* EXERCISE DETAILS: Please, starting at the line that contains "2017 Nissan Titan", reproduce every line exactly until the records run out, skipping all pictures.

* DATASET:
■ ■ ■
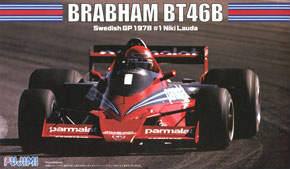 Brabham BT46B 1978 Sweden GP #1 Niki Lauda (Model Car)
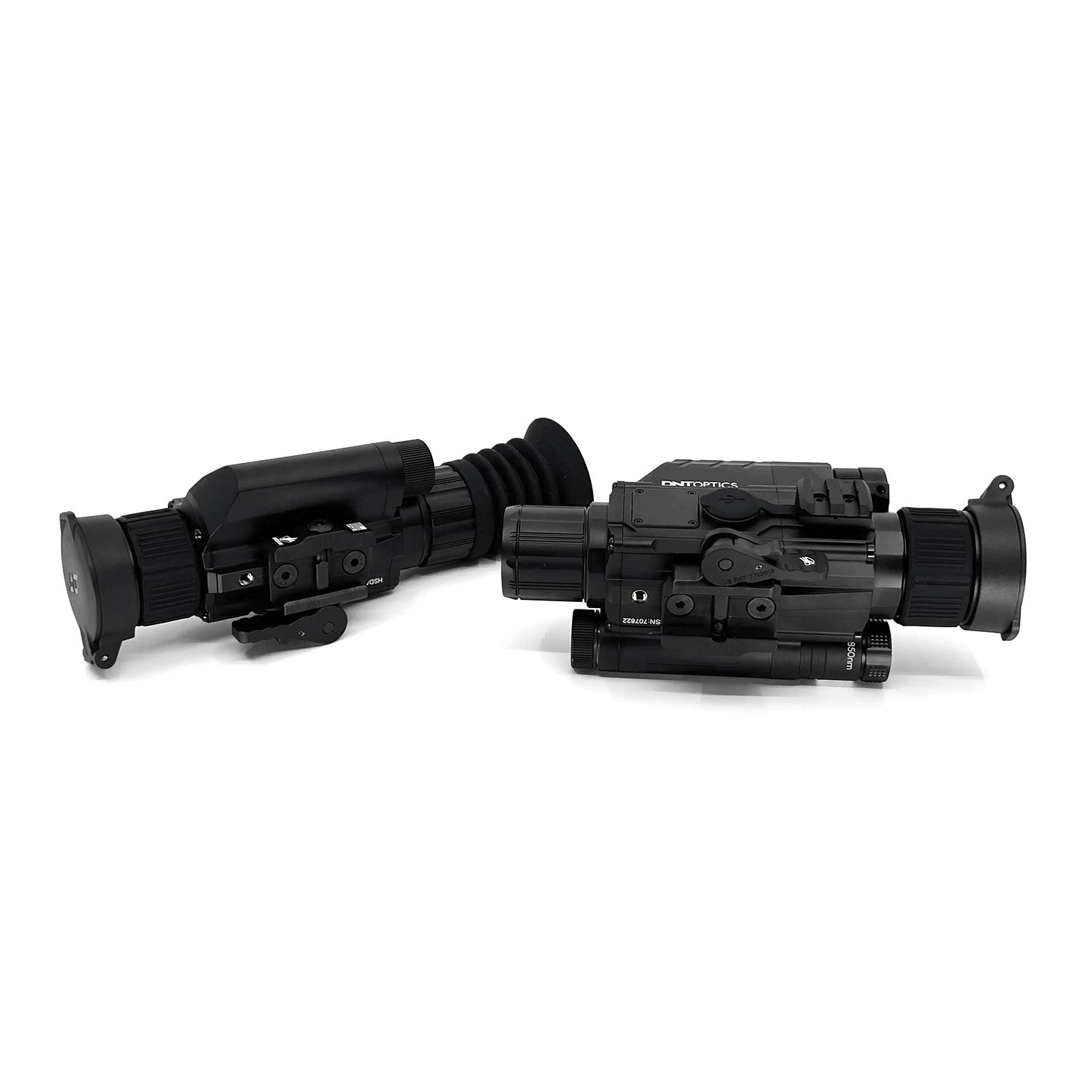 ADM QD American Defense Manufacturing AD-170-S – Compatible with DNT Optics ThermNight, Hydra and ZULUS HD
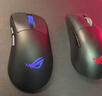 ROG玩家國度 月刃電競游戲鼠標PBT按鍵輕柔傘繩線(xiàn)人體工學(xué)輕量化設計RGB神光同步 黑神話(huà)悟空適用 月刃AP黑色 曬單實(shí)拍圖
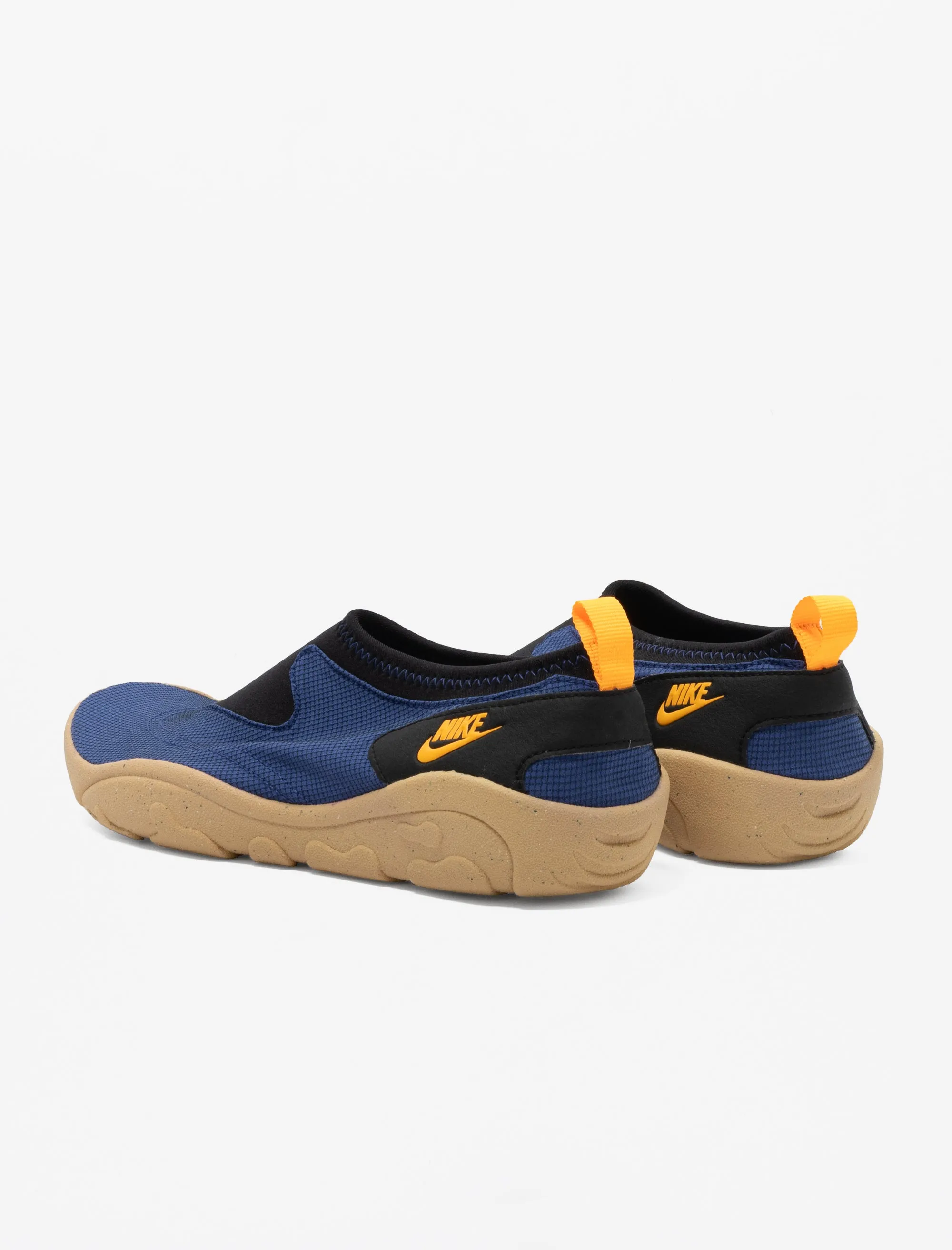 Aqua Turf (Deep Night/Laser Orange)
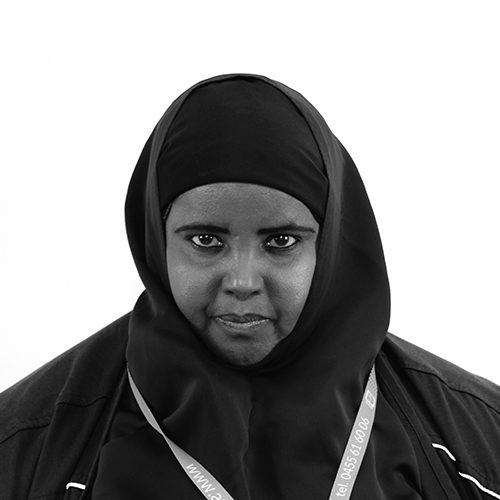 Fardosa Abokor Bild på Fardosa Abokor-Yusuf
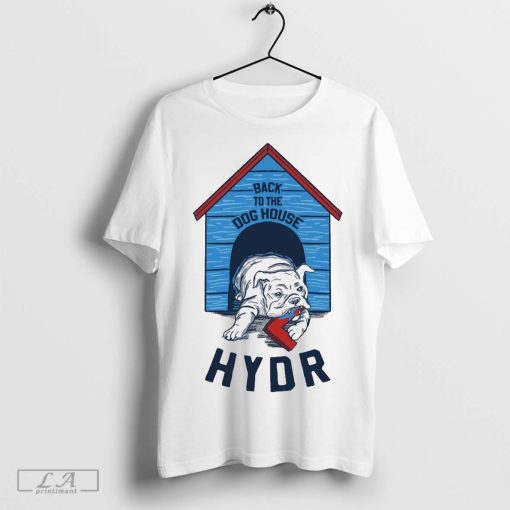 Back To The Dog House Hydr Shirt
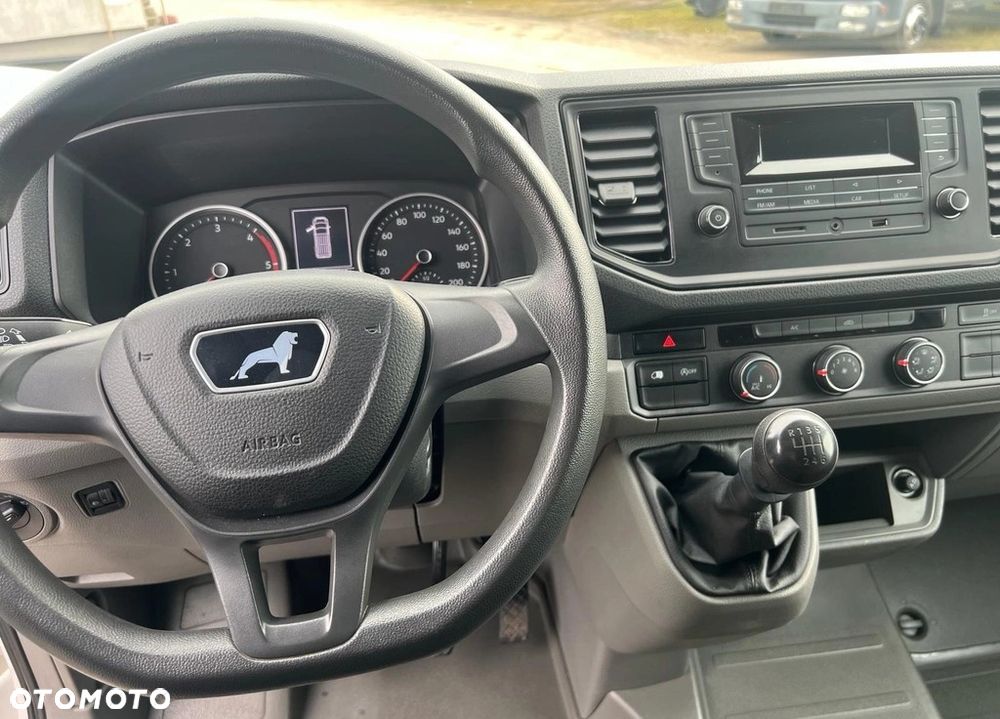 MAN CRAFTER MAN TGE 3-140 4X4 4MOTION - 10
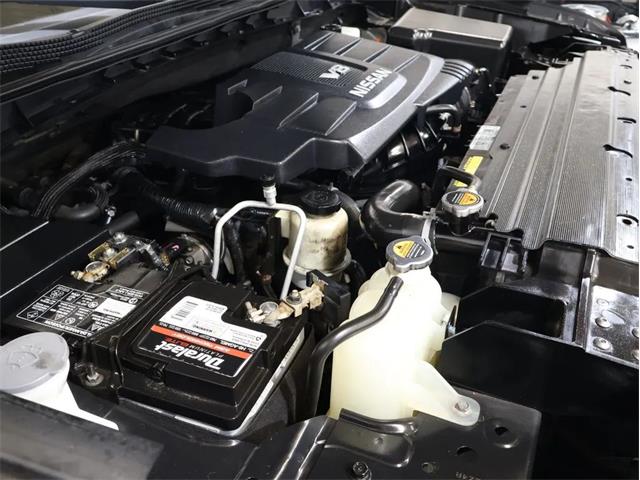 2017 Nissan Titan (CC-2097481) for sale in Greensboro, North Carolina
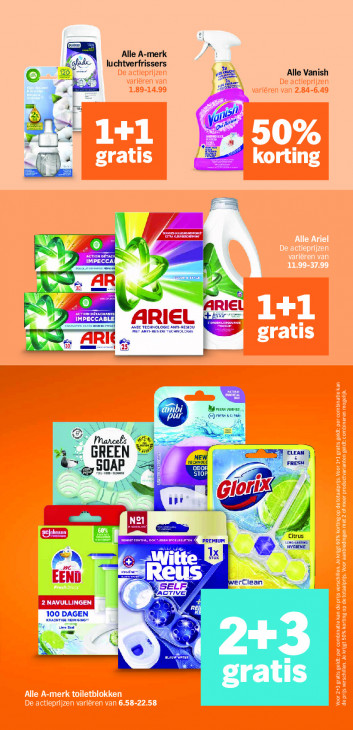 Albert Heijn Folder 12.10.2026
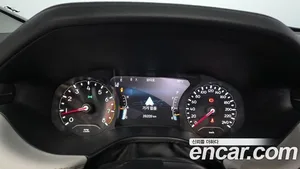 Jeep Compass, 2022 — миниатюра 11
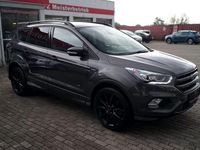 Gebraucht Ford Kuga ST-Line 182 PS (133 kW) 2018 Grau SUV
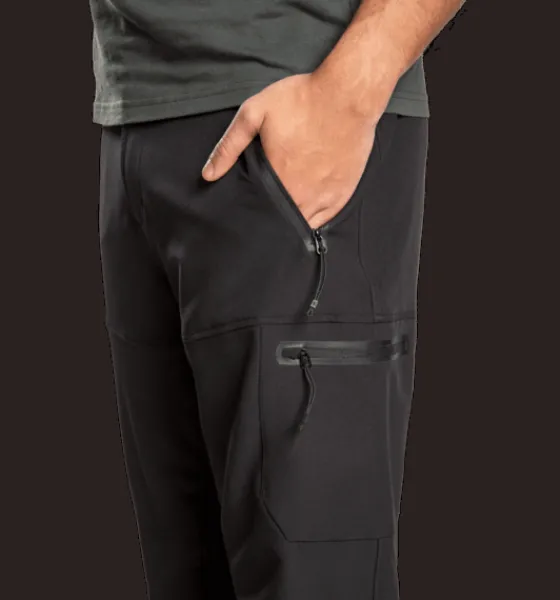 Vandringsbyxor|Vandringsbyxor>Everest Outdoor M Outdoor Pant BLACK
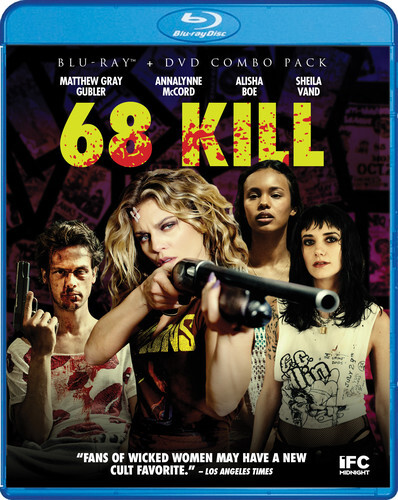 68 Kill [Used Very Good Blu-ray] Widescreen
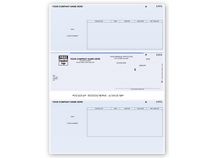 Laser Middle Accounts Payable Check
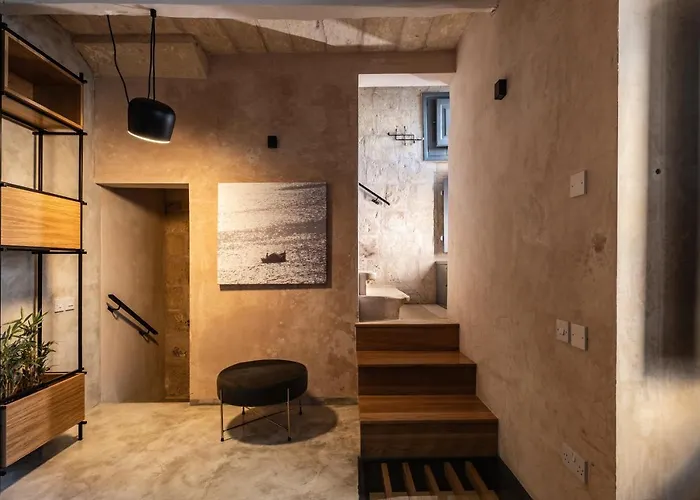 Kucca Boutique Townhouse Vakantiehuis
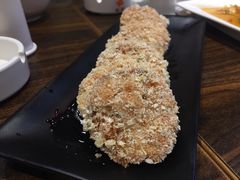 虾饼-裕记烧腊连锁餐饮(国商分店)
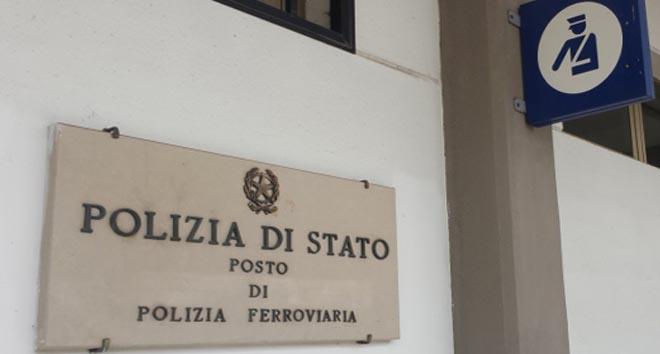polizia ferroviaria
■ ■ ■
* RESULT BELOW:
 2017 Nissan Titan (CC-2097481) for sale in Greensboro, North Carolina
 Albert Heijn Folder 12.10.2026
 Jeep Compass, 2022 — миниатюра 11
 Gebraucht Ford Kuga ST-Line 182 PS (133 kW) 2018 Grau SUV
 Vandringsbyxor|Vandringsbyxor>Everest Outdoor M Outdoor Pant BLACK
 68 Kill [Used Very Good Blu-ray] Widescreen
 Laser Middle Accounts Payable Check
 Kucca Boutique Townhouse Vakantiehuis
 虾饼-裕记烧腊连锁餐饮(国商分店)
polizia ferroviaria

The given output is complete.